* Extracted entries
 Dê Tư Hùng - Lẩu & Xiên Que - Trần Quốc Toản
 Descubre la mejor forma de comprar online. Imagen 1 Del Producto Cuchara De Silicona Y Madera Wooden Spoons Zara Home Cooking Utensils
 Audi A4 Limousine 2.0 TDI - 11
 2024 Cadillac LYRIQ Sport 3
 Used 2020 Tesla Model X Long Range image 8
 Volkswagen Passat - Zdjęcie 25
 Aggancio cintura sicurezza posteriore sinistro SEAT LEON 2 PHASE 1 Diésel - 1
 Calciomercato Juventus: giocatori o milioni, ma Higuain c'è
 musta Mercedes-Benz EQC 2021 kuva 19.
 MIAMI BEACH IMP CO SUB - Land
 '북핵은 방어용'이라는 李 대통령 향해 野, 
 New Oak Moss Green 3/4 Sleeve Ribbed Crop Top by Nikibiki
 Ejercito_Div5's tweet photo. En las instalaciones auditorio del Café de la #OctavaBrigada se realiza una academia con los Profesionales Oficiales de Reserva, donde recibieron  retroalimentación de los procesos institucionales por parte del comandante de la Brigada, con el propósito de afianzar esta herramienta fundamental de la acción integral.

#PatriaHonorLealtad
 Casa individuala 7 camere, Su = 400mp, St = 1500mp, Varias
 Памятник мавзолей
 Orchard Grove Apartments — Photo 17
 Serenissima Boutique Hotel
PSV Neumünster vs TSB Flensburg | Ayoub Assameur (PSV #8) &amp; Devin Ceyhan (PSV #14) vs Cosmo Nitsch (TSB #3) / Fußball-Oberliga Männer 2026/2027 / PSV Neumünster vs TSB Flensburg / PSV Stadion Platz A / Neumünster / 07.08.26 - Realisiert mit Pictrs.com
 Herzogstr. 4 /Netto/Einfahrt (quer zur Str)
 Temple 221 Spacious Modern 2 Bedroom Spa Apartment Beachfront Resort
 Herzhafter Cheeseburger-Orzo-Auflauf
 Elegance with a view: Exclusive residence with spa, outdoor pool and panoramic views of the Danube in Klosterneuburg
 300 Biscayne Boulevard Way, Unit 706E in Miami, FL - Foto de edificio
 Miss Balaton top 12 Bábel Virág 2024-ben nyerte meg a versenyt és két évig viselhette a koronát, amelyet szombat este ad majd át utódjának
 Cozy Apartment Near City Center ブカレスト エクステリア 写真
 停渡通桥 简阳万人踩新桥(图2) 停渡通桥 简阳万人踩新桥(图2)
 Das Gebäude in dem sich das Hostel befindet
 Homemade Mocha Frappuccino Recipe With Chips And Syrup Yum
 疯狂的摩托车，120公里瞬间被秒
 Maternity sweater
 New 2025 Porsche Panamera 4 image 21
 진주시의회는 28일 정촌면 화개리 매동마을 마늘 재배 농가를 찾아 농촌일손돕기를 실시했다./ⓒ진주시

* Exercise instructions
Begin at the line that has "Casa individuala 7" in the entries above; stop after the line that has "Herzhafter Cheeseburger-Orzo-Auflauf". Transcribe exactly those lines and no others.

* Answer box
 Casa individuala 7 camere, Su = 400mp, St = 1500mp, Varias
 Памятник мавзолей
 Orchard Grove Apartments — Photo 17
 Serenissima Boutique Hotel
PSV Neumünster vs TSB Flensburg | Ayoub Assameur (PSV #8) &amp; Devin Ceyhan (PSV #14) vs Cosmo Nitsch (TSB #3) / Fußball-Oberliga Männer 2026/2027 / PSV Neumünster vs TSB Flensburg / PSV Stadion Platz A / Neumünster / 07.08.26 - Realisiert mit Pictrs.com
 Herzogstr. 4 /Netto/Einfahrt (quer zur Str)
 Temple 221 Spacious Modern 2 Bedroom Spa Apartment Beachfront Resort
 Herzhafter Cheeseburger-Orzo-Auflauf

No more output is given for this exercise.